There are a lot of excel files (more than 10,000), open each file and copy information from there - it will take a lot of time.

The question is how to extract text, for example, from the first sheet of a K6 cell from several sheets at once, and record this data, at least somewhere, at least in a txt file.

  • Take, for example, vb, or python and write a prog line at 10 - Alexander Chernin
  • @AlexanderChernin and some basic methods? - iKey
  • It seems to me that only if VisualBasic - Alexander Chernin
  • But if there are a lot of files with sheets, then python is better - Alexander Chernin
  • It is possible and in VBA. Yes, the files will open, but the user may not see this. Refine the task, language - vikttur

1 answer 1

This documentation allowed me to make a set of utilities for both parsing and xls / xlsx generation. I’ll say that xls consists of a wrapper and data. Xlsx from an "almost" zip archive (i.e., a bit different from a regular zip) and xml set (document itself + dictionary + some other data) You need to clearly understand what is being parsed, because sometimes excel can mean xml and html documents that msoffice can convert to a document.

The algorithm is as follows: 1. Read the MSAT from the header. Either read the entire SAT chain, or read it "as they become available." 2. Read (taking into account MSAT + SAT + SSAT) the "root" of the document, it is easy to find it by signature 09 08 with an address multiple of 512. In the root of the document read the dictionary, and addresses of the sheets (signature 85 00 ). 3. Read the document idly until the data sheet. A sheet always starts with a signature 09 08 . 4. We read the sheet, we associate the data sheet with the dictionary (if necessary).

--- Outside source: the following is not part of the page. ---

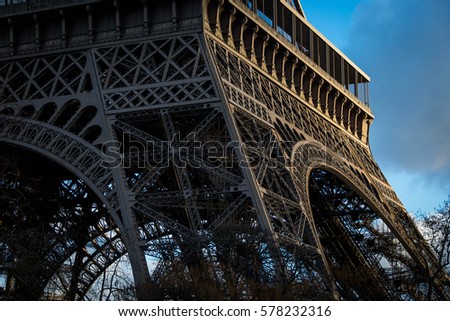 Similar – Eiffel Tower in green trees on blue sky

If the document is less than 66 kilobytes, then the data is practically not fragmented, and the file is very easy to parse. I recommend parsing a small file, then up to 6MB, then over 10MB. Because there are features with MSAT.

For xlsx links

Algorithm such 1. open the file, find the sheet, find the dictionary. 2. Read the dictionary, unpack the dictionary. 3. Read the sheet, unpack it, link the data sheet with the dictionary. Without a dictionary, only numeric data is recorded.

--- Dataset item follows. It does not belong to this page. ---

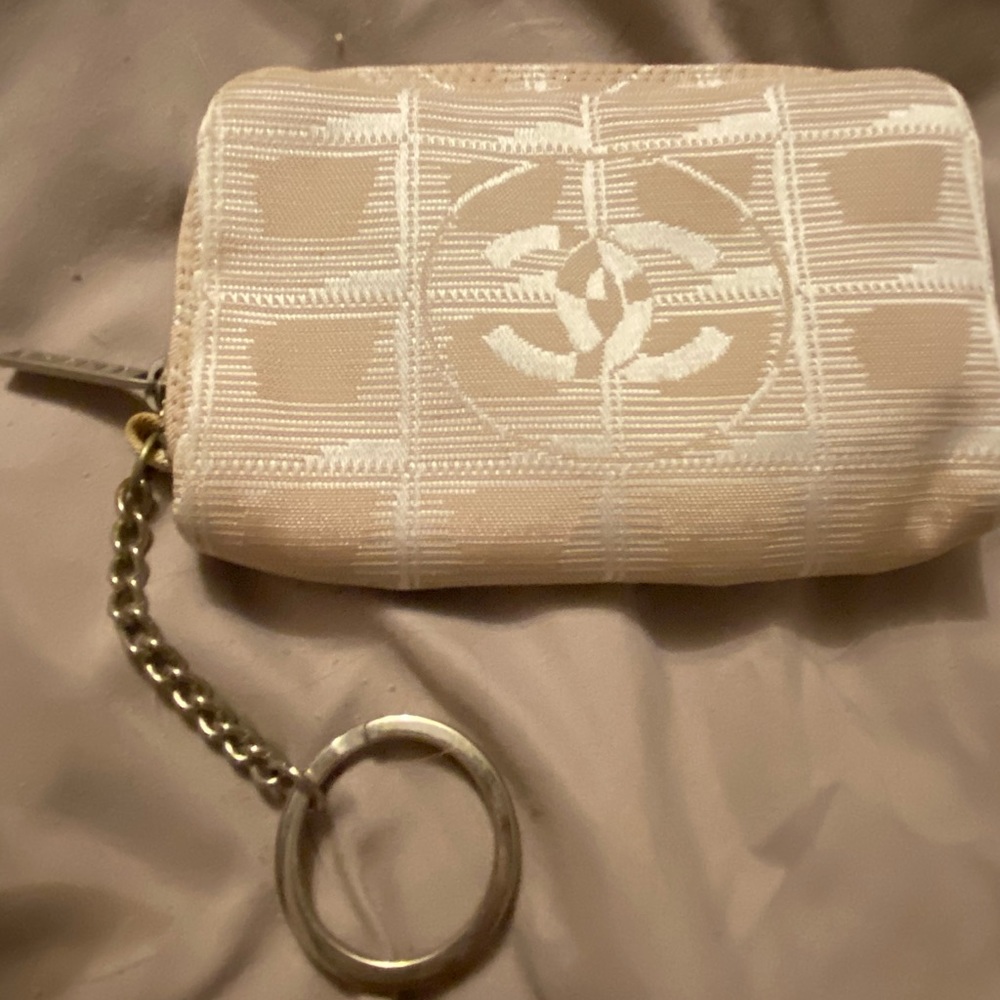Sold .   🤩.  Abby . Chanel pouch with key chain in great condition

In your case - the sheet - not necessarily unpack to the end. It is enough to find the necessary data and stop the decompression. In the data there will be a link to the dictionary - the same, take the dictionary to the element with your number.

PS Libraries as a rule are not sharpened for "narrow" tasks. These cells will not be recorded in the same place of the file in 99.99% of cases. My opinion is that reading the value of a single cell through the library will take more CPU time and PC resources (because, as a rule, the library parses the entire document) than if you write a highly specialized parser.